Hace ya más de 20 años, en 1985, Enrique Santos Calderón publicó un libro sobre las vicisitudes y los problemas del proceso de paz de Belisario Betancur. El libro (titulado La guerra por la paz) no sólo es un recuento de un proceso fallido, de lo que Laura Restrepo llamó en su momento la historia de un entusiasmo, sino también un documento histórico sobre la persistencia de la mentira, sobre la inveterada práctica del engaño y de la desinformación de la guerrilla colombiana en general y de las Farc en particular.

Gabriel García Márquez, quien escribió la introducción del libro de marras, señala, con una mezcla de sorpresa e indignación, las mentiras casi inverosímiles de las Farc. “Los guerrilleros —escribe García Márquez— se enredaron en su propia lógica. Don Manuel Marulanda, comandante supremo de las Farc, tuvo el desenfado de decir en una extensa entrevista de radio que su movimiento no había recurrido al secuestro y que las cuotas que les pagaban los hacendados eran voluntarias… Pero lo peor fue que Don Manuel dijo después en la misma entrevista que sí se había servido del secuestro, pero que ya no lo hacía ni lo volvería a hacer”.

Muchos años después, las Farc siguen en lo mismo: enredadas en su propia lógica, mintiendo y contradiciéndose. A mediados de septiembre de 2007, Raúl Reyes le dijo a Piedad Córdoba, quien, a su vez, le contó a la prensa nacional, que el Negro Acacio estaba vivo y que todos los secuestrados estaban bien de salud. Meses más tarde, las Farc reconocieron, con el mismo desenfado del que se quejaba García Márquez, la muerte del Negro Acacio, y la opinión nacional conoció con espanto el precario estado de salud de algunos de los secuestrados. La continuidad en la mentira es evidente. Basta una simple interpolación para pasar de la entrevista radial de Marulanda a las declaraciones de Reyes y a la falsa entrega de Emmanuel.

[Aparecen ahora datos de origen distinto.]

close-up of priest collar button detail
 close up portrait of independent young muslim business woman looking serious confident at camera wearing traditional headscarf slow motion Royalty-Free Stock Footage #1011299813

Todas las verdades son iguales. Pero cada mentira es falsa a su manera. Muchas de las mentiras de las Farc son más elaboradas que las simples negativas burdas de Marulanda y Reyes. Las Farc son expertas en teorías de conspiración, en la mención repetida (e infundada) de enemigos agazapados, de adversarios ocultos. “Allí estará la mano siniestra de los Estados Unidos”, dijo esta semana la agencia de noticias Anncol en referencia a los análisis genéticos sobre la identidad de Emmanuel. “Todos los exámenes que ellos hagan demostrarán que ese niño ‘es Emmanuel’. Habrá en consecuencia dos Emmanuel. Sólo su madre sabrá cuál es el verdadero, el de ella”. Esta mezcla de romanticismo barato y de teoría de conspiración (del mal gusto y la mentira) haría ruborizar hasta al mismo Oliver Stone.

El libro mencionado hace referencia a una cita de Aleksandr Solzhenitsyn que hoy sigue siendo tan exacta como hace dos décadas. Decía el novelista ruso que la violencia sólo puede ser ocultada por la mentira y que la mentira sólo puede mantenerse por la violencia. Como escribió Enrique Santos Calderón, “quien proclame la violencia como método, se verá obligado a adoptar la mentira como principio”. Veinte años después, esta predicción se confirma nuevamente y en cabeza de los mismos protagonistas. Si algo ha quedado demostrado en la devolución fallida de Emmanuel, en todo este incidente inverosímil, es la complementariedad siniestra entre la violencia y las mentiras de las Farc.